▶ **Task goal**: Go through the records and give each one again exactly, omitting the images.

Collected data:
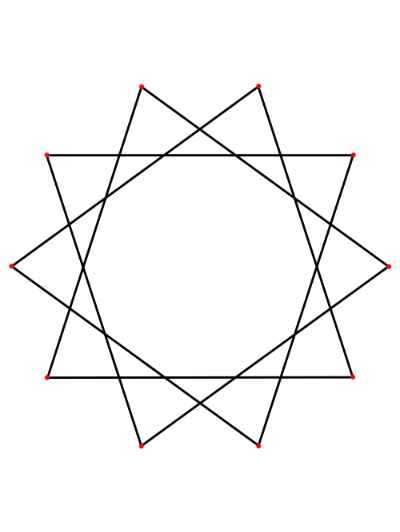 alt3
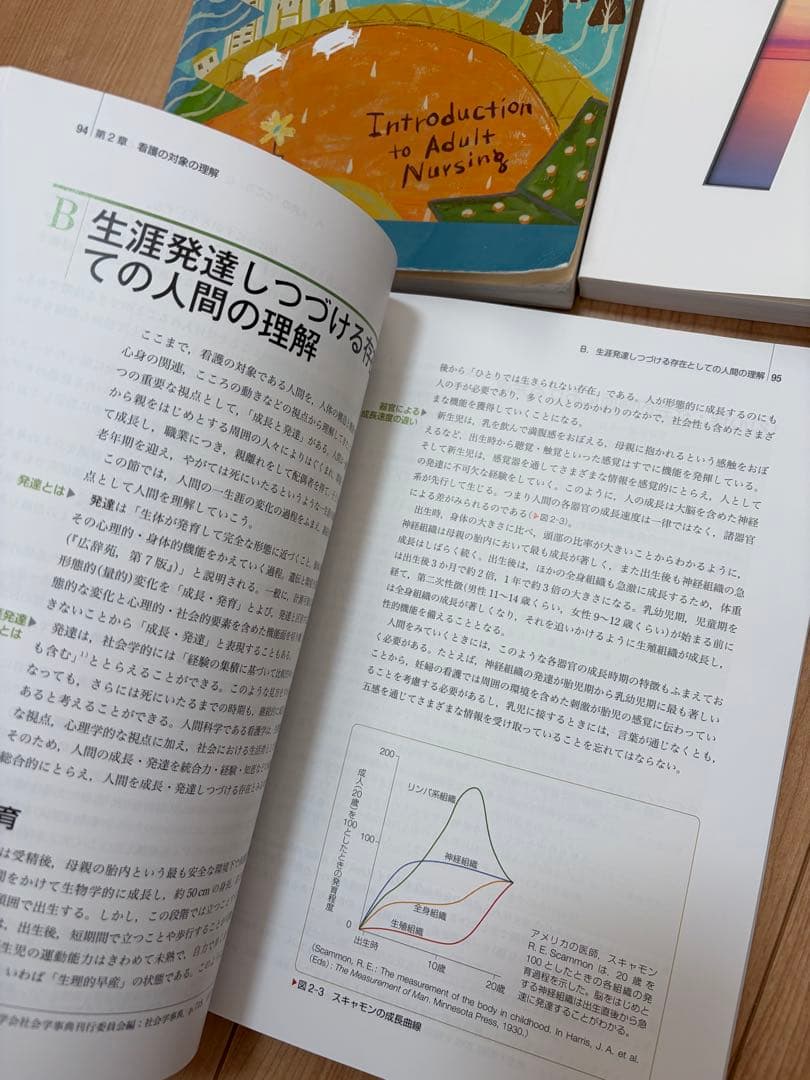 看護 学生 教科書 12冊 まとめ売り セット (まとめノート付き)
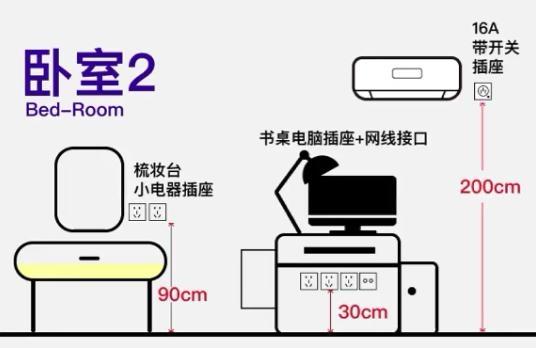 全屋装修水电定位及开关高度, 傻子照装都不出错, 房子好用90年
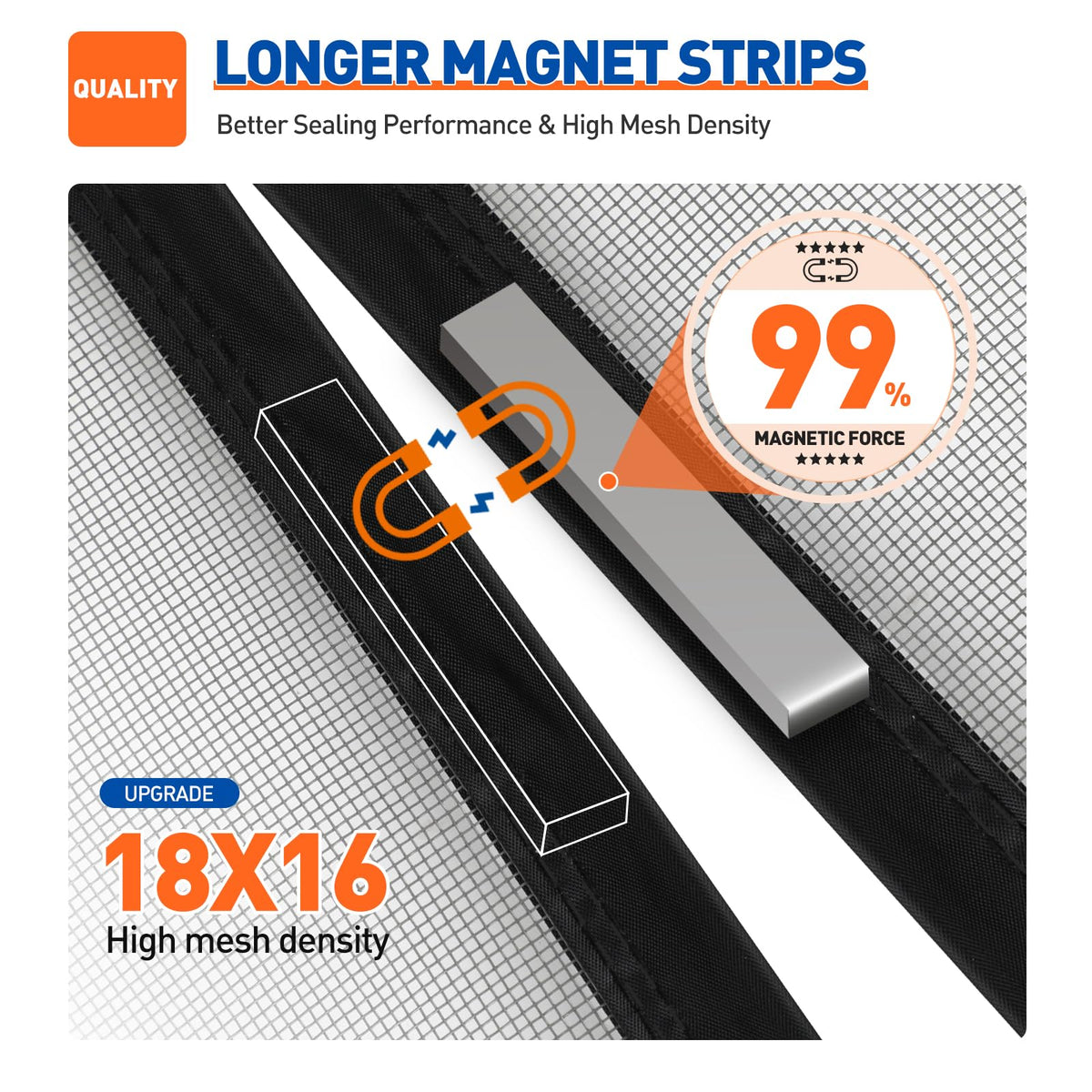 MAGZO windproof fastener close-up with middle-hasp design.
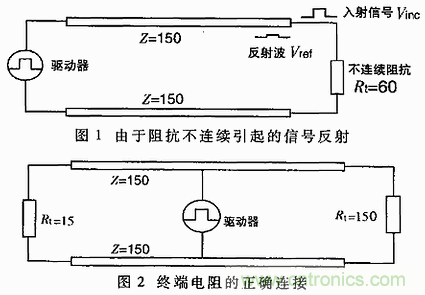 UART、RS-232、RS-422、RS-485之間有什么區(qū)別？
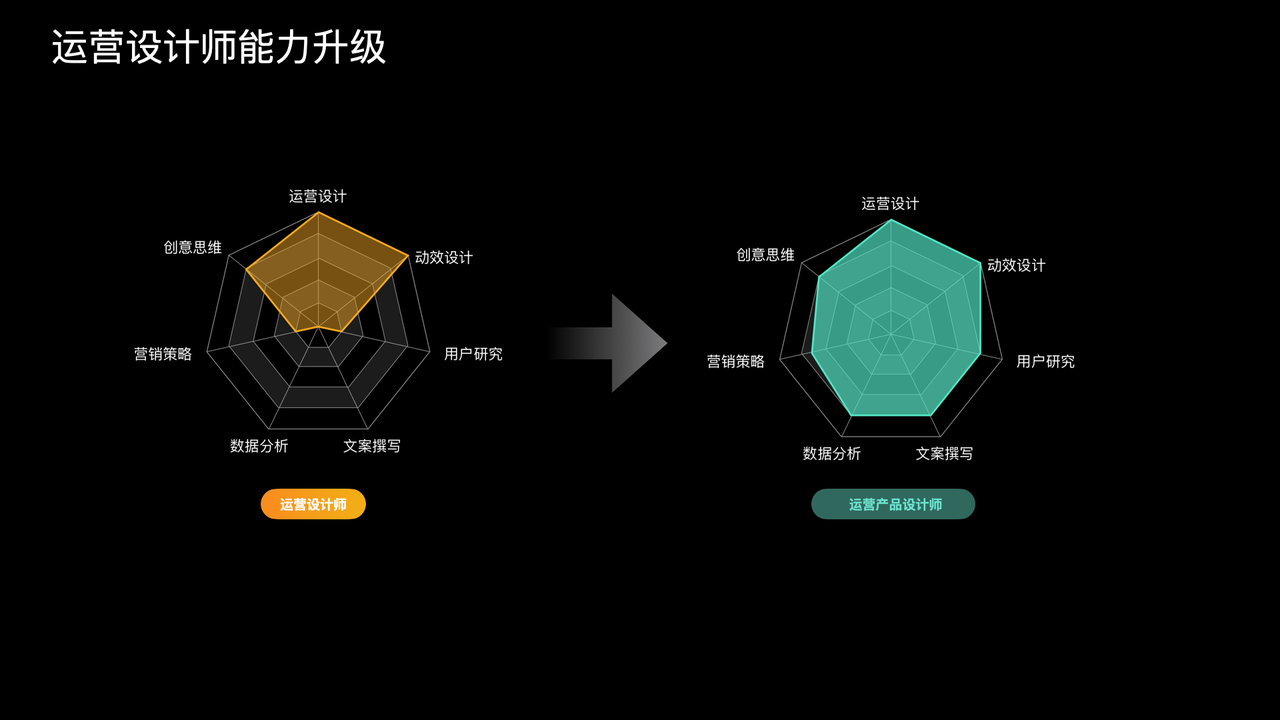 AIGC设计实践手册 - 图4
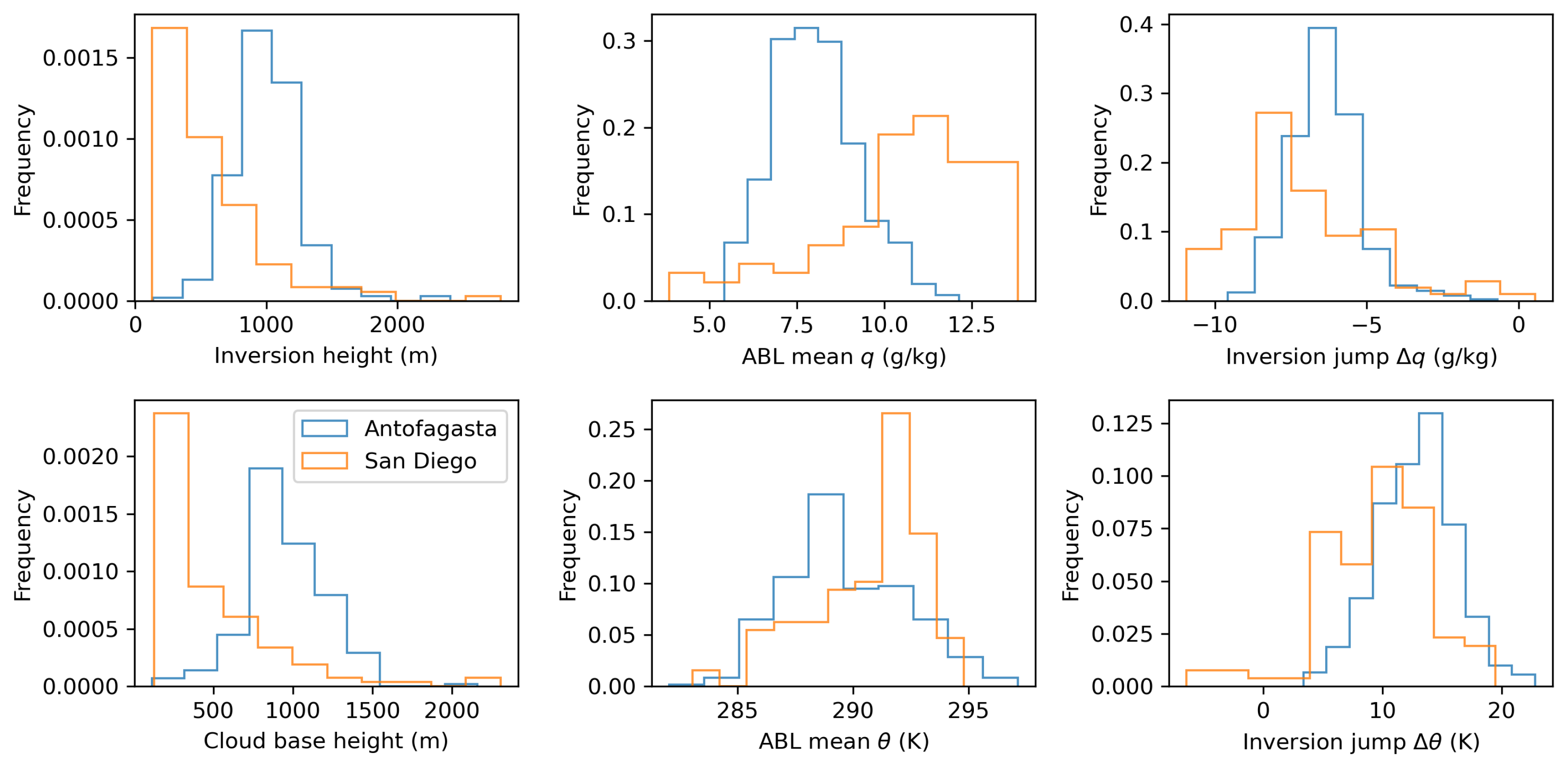 Preprints 150086 g003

▶ **Exercise response**:
 alt3
 看護 学生 教科書 12冊 まとめ売り セット (まとめノート付き)
 全屋装修水电定位及开关高度, 傻子照装都不出错, 房子好用90年
 MAGZO windproof fastener close-up with middle-hasp design.
 UART、RS-232、RS-422、RS-485之間有什么區(qū)別？
 AIGC设计实践手册 - 图4
 Preprints 150086 g003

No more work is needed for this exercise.